Mauricio Macri’s Cambiemos coalition has consolidated its political power following an excellent performance in Argentina’s legislative elections on October 22. In this election, approximately half of the 257-seat lower house (House of Deputies) and one-third of the 72-seat upper house (Senate) was up for grabs.
FSG predicted that Cambiemos would have a better electoral result on October 22 than the PASO primaries in August. Cambiemos won 41% of the national vote on Sunday compared to 36% in August. More importantly, Cambiemos won seats in the five most populist provinces (Province of Buenos Aires, Autonomous City of Buenos Aires, Córdoba, Santa Fe, and Mendoza).
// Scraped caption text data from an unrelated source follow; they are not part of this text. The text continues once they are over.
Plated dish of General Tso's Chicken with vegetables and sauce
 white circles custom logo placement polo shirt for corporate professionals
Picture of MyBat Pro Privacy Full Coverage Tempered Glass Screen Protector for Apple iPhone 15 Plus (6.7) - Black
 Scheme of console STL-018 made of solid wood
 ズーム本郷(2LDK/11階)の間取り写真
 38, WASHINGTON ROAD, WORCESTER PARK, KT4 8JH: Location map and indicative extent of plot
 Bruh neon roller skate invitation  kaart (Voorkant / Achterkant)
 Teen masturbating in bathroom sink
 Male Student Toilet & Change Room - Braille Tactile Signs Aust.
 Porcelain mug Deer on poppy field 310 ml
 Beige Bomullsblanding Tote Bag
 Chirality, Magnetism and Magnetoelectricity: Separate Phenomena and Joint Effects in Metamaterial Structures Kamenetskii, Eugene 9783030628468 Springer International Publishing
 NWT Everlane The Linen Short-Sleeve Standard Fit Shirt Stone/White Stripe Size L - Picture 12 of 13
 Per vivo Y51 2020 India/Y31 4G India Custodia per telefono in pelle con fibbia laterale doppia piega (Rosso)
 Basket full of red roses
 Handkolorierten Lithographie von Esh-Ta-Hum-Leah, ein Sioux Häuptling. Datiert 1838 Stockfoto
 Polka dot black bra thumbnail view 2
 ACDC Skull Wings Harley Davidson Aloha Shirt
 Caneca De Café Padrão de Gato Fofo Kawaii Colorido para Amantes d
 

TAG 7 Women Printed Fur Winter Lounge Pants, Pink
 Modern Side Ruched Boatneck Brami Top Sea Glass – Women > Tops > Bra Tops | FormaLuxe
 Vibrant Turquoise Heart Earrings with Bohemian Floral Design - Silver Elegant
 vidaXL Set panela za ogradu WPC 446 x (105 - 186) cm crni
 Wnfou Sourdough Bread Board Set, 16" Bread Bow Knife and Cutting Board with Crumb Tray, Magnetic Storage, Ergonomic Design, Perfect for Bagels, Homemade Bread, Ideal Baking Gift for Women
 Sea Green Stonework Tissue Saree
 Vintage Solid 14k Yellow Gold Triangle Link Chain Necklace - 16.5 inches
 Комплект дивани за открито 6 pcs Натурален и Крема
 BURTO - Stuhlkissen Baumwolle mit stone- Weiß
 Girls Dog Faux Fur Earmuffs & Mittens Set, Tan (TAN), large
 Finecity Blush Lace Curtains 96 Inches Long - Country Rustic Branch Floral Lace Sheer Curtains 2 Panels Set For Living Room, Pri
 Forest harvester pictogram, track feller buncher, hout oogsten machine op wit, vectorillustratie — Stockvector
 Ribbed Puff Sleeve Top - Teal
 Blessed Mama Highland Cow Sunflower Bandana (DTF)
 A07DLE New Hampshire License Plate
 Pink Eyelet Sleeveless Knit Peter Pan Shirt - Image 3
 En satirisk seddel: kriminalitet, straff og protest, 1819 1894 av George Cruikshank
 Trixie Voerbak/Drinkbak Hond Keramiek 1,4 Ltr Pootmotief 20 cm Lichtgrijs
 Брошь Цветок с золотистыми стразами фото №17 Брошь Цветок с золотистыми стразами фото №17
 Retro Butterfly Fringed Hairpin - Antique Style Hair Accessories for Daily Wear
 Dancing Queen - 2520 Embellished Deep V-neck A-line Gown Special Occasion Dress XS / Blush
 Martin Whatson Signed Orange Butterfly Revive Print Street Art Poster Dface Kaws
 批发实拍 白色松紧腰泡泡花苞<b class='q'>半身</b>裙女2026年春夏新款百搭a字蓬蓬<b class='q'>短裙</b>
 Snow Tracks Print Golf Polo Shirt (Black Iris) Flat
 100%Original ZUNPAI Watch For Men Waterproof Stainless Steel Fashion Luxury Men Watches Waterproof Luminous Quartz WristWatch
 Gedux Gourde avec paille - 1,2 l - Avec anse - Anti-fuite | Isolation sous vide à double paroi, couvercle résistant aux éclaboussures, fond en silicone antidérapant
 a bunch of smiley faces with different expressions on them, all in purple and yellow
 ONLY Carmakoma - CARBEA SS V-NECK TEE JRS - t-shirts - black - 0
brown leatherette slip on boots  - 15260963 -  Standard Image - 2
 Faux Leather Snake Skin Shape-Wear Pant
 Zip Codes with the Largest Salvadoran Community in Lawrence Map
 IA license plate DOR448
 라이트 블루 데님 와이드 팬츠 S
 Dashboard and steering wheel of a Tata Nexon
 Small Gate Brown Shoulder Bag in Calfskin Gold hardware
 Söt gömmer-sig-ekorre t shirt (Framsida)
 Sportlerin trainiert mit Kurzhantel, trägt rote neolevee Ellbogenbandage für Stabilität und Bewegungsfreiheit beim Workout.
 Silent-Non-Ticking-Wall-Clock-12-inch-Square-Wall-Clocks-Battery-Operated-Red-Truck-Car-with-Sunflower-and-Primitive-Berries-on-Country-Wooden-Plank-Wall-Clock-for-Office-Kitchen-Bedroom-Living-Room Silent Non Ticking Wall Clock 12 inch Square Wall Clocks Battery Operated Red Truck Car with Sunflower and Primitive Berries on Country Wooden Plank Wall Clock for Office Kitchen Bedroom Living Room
This includes defeating ex-president Cristina Fernández de Kirchner (CFK)’s Citizen’s Unity party in the senatorial race in Buenos Aires, which was a proxy vote between Mauricio Macri and CFK.
MNCs should view Argentina’s midterm election results as a strong “vote of confidence” for Mauricio Macri’s administration and his reform agenda, which will ensure long-term growth.
Five takeaways from Sunday’s election results
- The Cambiemos coalition has consolidated its power and Mauricio Macri should be viewed as the presidential favorite in 2019. Sunday’s results clearly showed Cambiemos as a long-term political force in Argentina. On a national level, Cambiemos has increased its electoral support from 32% in 2015 to 41% on October 22. Furthermore, Mauricio Macri is enjoying the highest levels of support during his mandate (43% of Argentines have either a positive or very positive view of the president, according to OPSM). If one considers the threshold to avoid a runoff in Argentina is 45%, it is not impossible to believe that Macri could win a second term in 2019 in the first round.
- The reform agenda is in full march. Sources from Argentina’s cabinet have already declared that a fiscal responsibility law and reforms on tax, labor, and capital markets will be presented to congress by the end of the year. Cambiemos’ plurality in both houses of congress combined with the fragmented opposition mean that the likelihood to pass these contentious reforms is higher than ever. See the chart below which summarizes the reforms:
- The Peronist opposition is in complete disarray. The fact that the Peronist opposition split into three parties for October’s legislative election is the primary reason for Cambiemos’ strong results. Peronism now has no clear leader. Sunday’s results stressed this even further since CFK was defeated in the Province of Buenos Aires, a traditional Peronist stronghold, against a relatively unknown candidate (Esteban Bullrich). All three losers in this senatorial race are seen as Peronist presidential hopefuls in 2019 (CFK, Sergio Massa and Florencio Randazzo). The other big hit to Peronism was Cambiemos’ win in Salta, the home of other presidential-hopeful Juan Manuel Urtubey. The Peronist party will remain in a state of uncertainty and division for the short-term. This will make legislation easier because it will not be difficult to identify pragmatic and moderate Peronists and regional parties who act at the behest of their governor. Argentine governors have strong influence over their senators due to the executive’s ability to prioritize revenue distribution to provinces in exchange for votes in congress.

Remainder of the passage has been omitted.